La preoccupazione della BCE non è l’oro in sé, ma il principio che si apre inerente all’indipendenza delle banche centrali. Nei Trattati UE è scritto che le banche centrali nazionali (come Bankitalia) devono essere indipendenti dai governi soprattutto su riserve auree, politica monetaria e stabilità finanziaria. Se il Parlamento stabilisce che l’oro «appartiene al popolo italiano», oggi può essere vista come una frase simbolica, domani potrebbe diventare una base giuridica per interventi politici. La BCE teme di creare un precedente: se un governo può “riappropriarsi” dell’oro, domani potrebbe fare lo stesso con altri asset o con le decisioni monetarie.

Inoltre, la BCE ha presentato la paura concreta che l’oro italiano venga utilizzato per finanziare la spesa pubblica. Storicamente, quando i conti pubblici peggiorano, i governi sono tentati di usare le riserve auree come garanzia, venderle o usarle per emettere debito. Anche solo il sospetto che l’oro possa diventare utilizzabile politicamente, innalza l’attenzione dei mercati e mette in discussione la separazione tra politica fiscale e monetaria. La BCE vuole evitare qualsiasi ambiguità su questo punto. L’Italia ha la terza riserva aurea al mondo ed è un Paese con alto debito pubblico. Se passa il principio italiano, altri Paesi potrebbero fare lo stesso e l’Eurosistema perderebbe coerenza e credibilità. Per la BCE è un rischio sistemico, non solo italiano. Formalmente l’oro è nel bilancio della Banca d’Italia e Bankitalia è un ente di diritto pubblico, ma autonomo. Dire che l’oro è “del popolo” non cambia subito nulla, ma crea una zona grigia legale. La BCE odia le zone grigie: i mercati ancora di più.

Possibili scenari futuri

È possibile che questa diatriba, che pare ormai chiusa, crei tensioni tra UE e BCE, aprendo al dibattito sulla necessità di riscrivere il testo sulla gestione delle riserve auree. D’altra parte, se il messaggio italiano venisse interpretato come la possibilità di utilizzare un giorno l’oro delle riserve, si accenderebbero delle reazioni nel mercato finanziario, come l’aumento dello spread, maggior costo del debito e una percezione generale di instabilità istituzionale. Nel caso più estremo, la BCE potrebbe ritenere l’emendamento incompatibile con i Trattati Europei, portando a una possibile apertura di una procedura UE. Tecnicamente, l’oro potrebbe essere usato come risorsa collaterale, essere venduto o sostenere operazioni straordinarie, ma questo porterebbe a uno scontro duro tra UE e BCE, e sarebbe visto sul piano internazionale come un segnale di crisi. È lo scenario che Bruxelles vuole evitare. Tutte queste ipotesi non rappresentano l’obiettivo dichiarato del governo italiano con la modifica dell’emendamento, ma è ciò che la BCE vuole prevenire a monte.

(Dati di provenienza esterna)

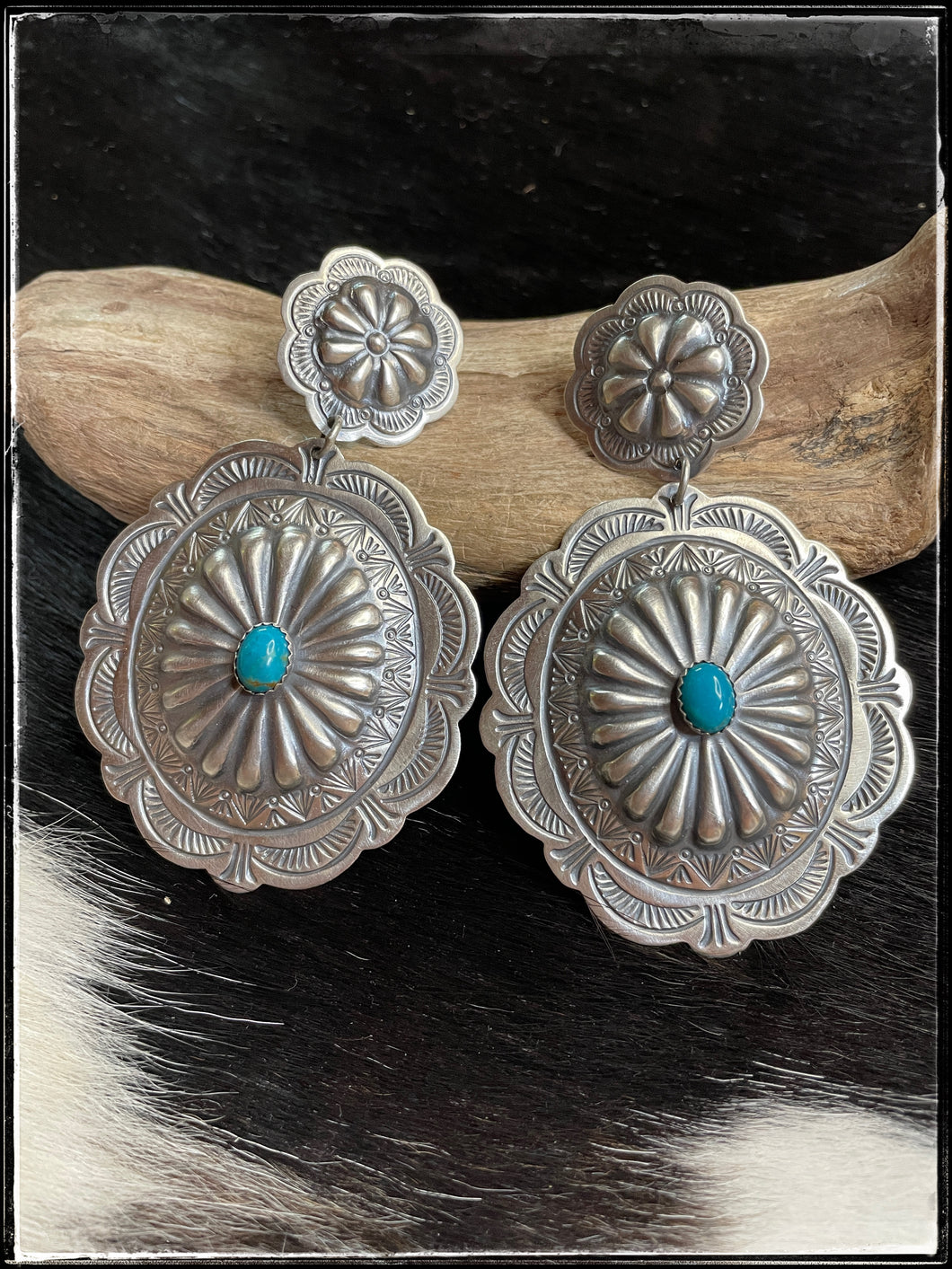 Arnold Blackgoat sterling silver concho earrings and turquoise center stones on french wires.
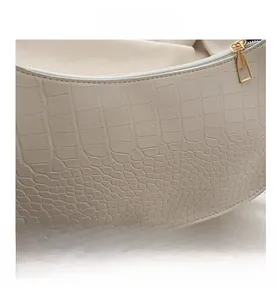Close-up of beige crocodile pattern faux leather and golden metal zipper detail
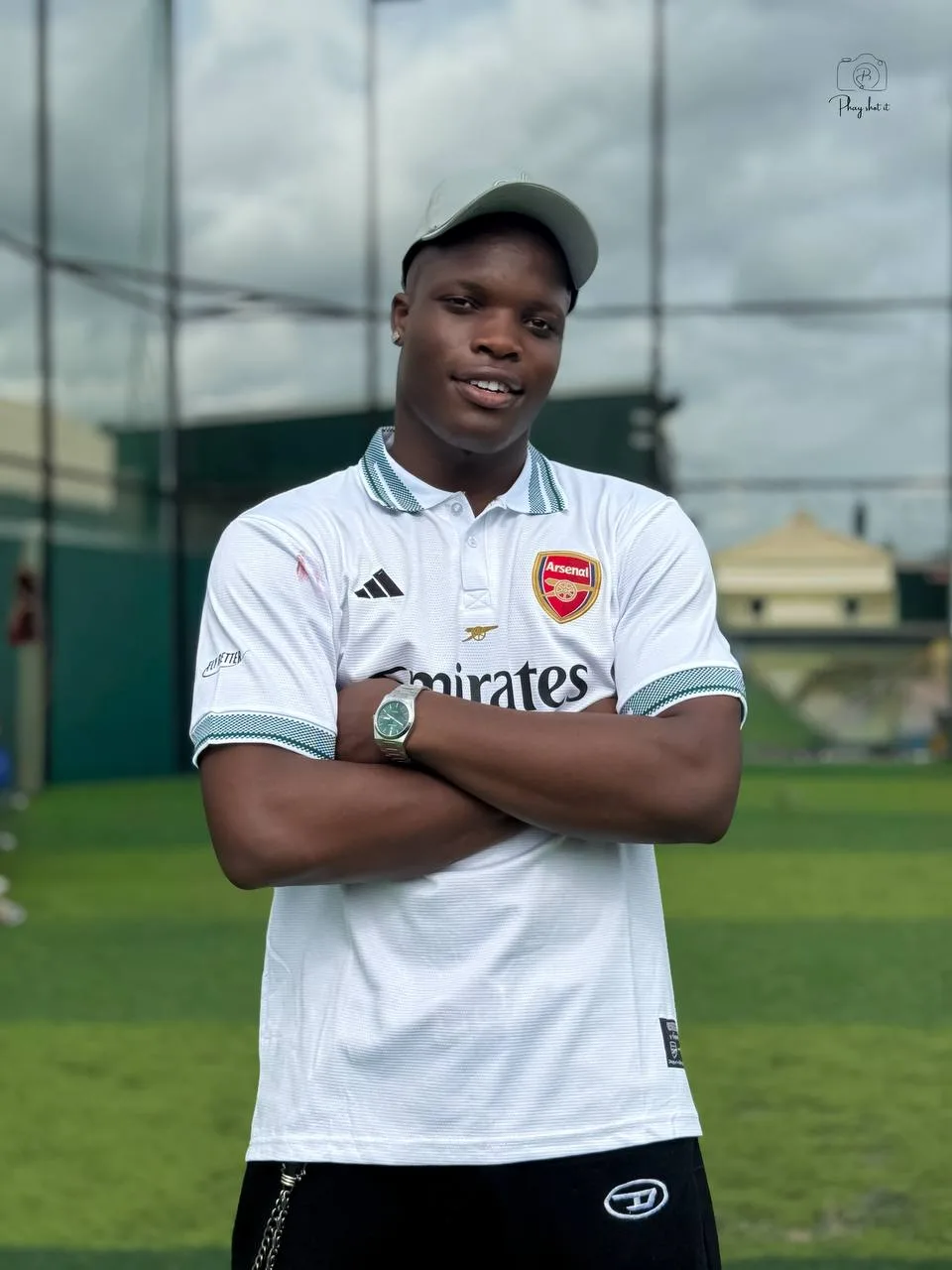 Man in white Arsenal jersey standing with arms crossed on turf pitch, wearing cap and watch.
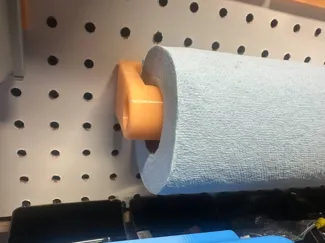 Blue shop paper towel roll pegboard hanger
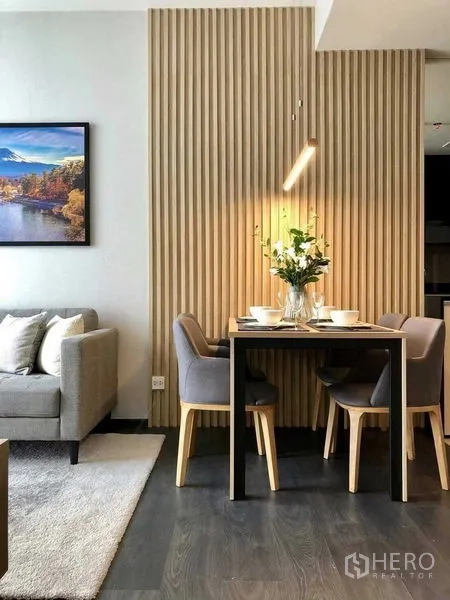 Condominium for rent in Watthana, Bangkok - Dining table beside a cozy sofa and wall art, highlighted by a textured wood panel feature wall.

Il fine ultimo della BCE in questa questione è difendere il principio secondo cui le riserve auree non devono essere soggette a controlli politici. Se da una parte lo Stato Italiano parla di sovranità, la BCE guarda alla stabilità del contesto generale Europa. Il problema non è individuabile in ciò che succede oggi, ma in ciò che potrebbe accadere domani. Anche una legge “simbolica” può avere effetti reali sui mercati.